16 Feb

Mandela’s Favored Heir Ramaphosa Takes Power in South Africa

He’s been dubbed over the years as the best leader South Africa never had.

After missing out two decades ago on becoming president, as Nelson Mandela had hoped he would be, Cyril Ramaphosa, 65, finally took power a day after Jacob Zuma resigned following 10 days of sustained pressure from the ruling African National Congress.

Ramaphosa’s election by the National Assembly crowns a career during which he founded the biggest mineworkers’ union, led talks that ended apartheid and produced the nation’s first democratic constitution, and amassed a fortune during a 14-year stint in business.

He was chosen as the ANC’s deputy leader on Zuma’s ticket in 2012, and assured his ascension to the presidency by winning the top party post in December.

“Ramaphosa has always been a deal-maker and a negotiator,” said Zwelethu Jolobe, a political science lecturer at the University of Cape Town. “He isn’t the kind of person who rushes into things. He tends to have a long-term view.”

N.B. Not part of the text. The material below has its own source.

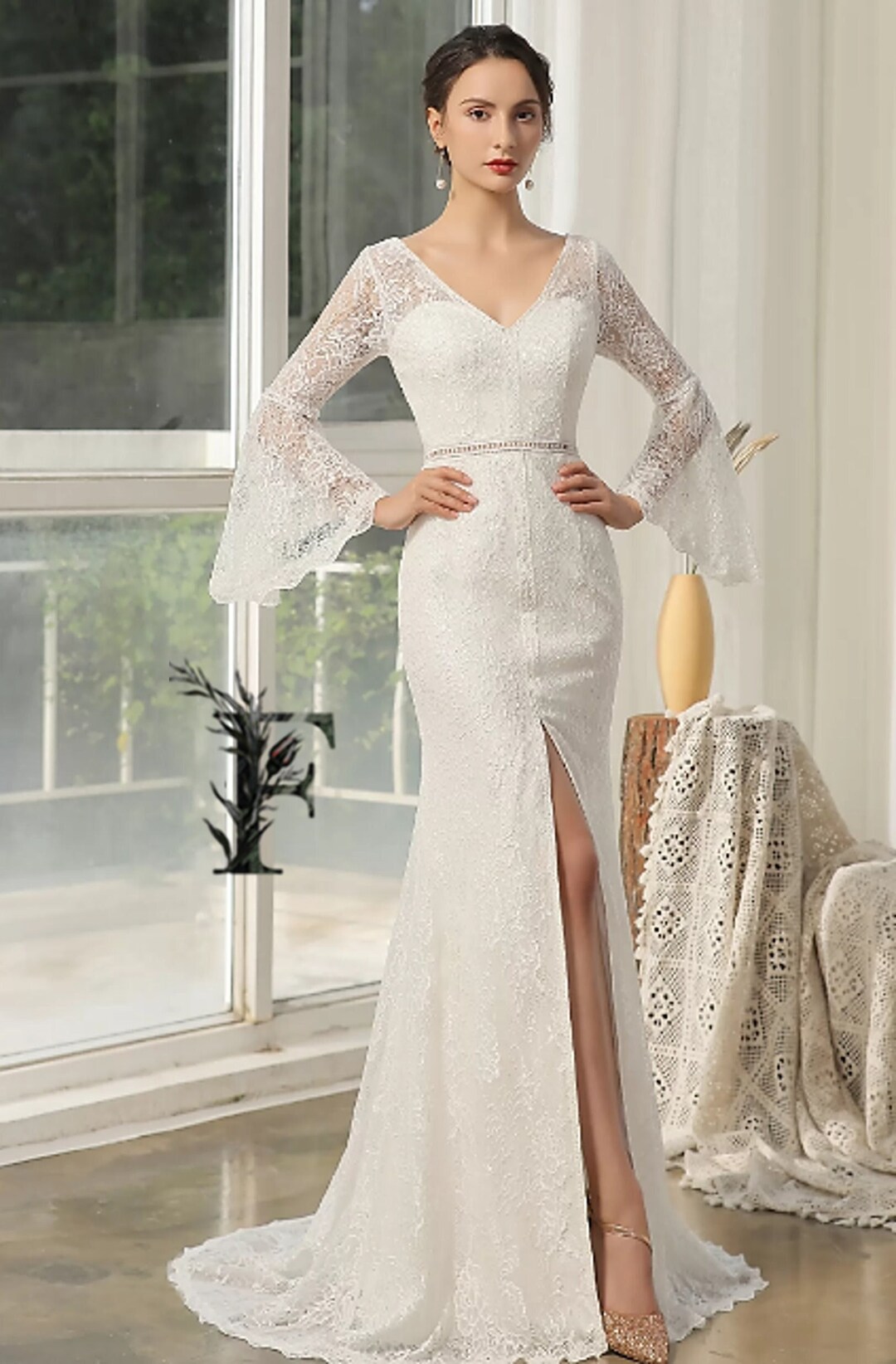 Ripple Patterned Boho Sheath Wedding Dress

Ramaphosa has his work cut out for him as president. He’ll need to turn around an economy that’s been hamstrung by years of mismanagement and policy uncertainty, address public outrage over a lack of jobs and tackle the corruption that’s become institutionalized during Zuma’s almost nine-year tenure.

His task will be made all the more difficult by the fact that the ruling party remains deeply divided and Zuma allies occupy several key leadership positions.

For now, investors are giving Ramaphosa the benefit of the doubt. The rand has gained the most of any currency against the dollar since he won control of the ANC on Dec. 18, and business confidence reached its highest level since October 2015 last month amid expectations that he would drive through more pragmatic and predictable policies.

Ramaphosa, who trained as a lawyer, built the National Union of Mineworkers into the country’s largest labor union and under his leadership it staged South Africa’s biggest-ever mining strike in 1987. The ANC elected him as its secretary-general in 1991, and he led the party’s team that negotiated an end to white minority rule.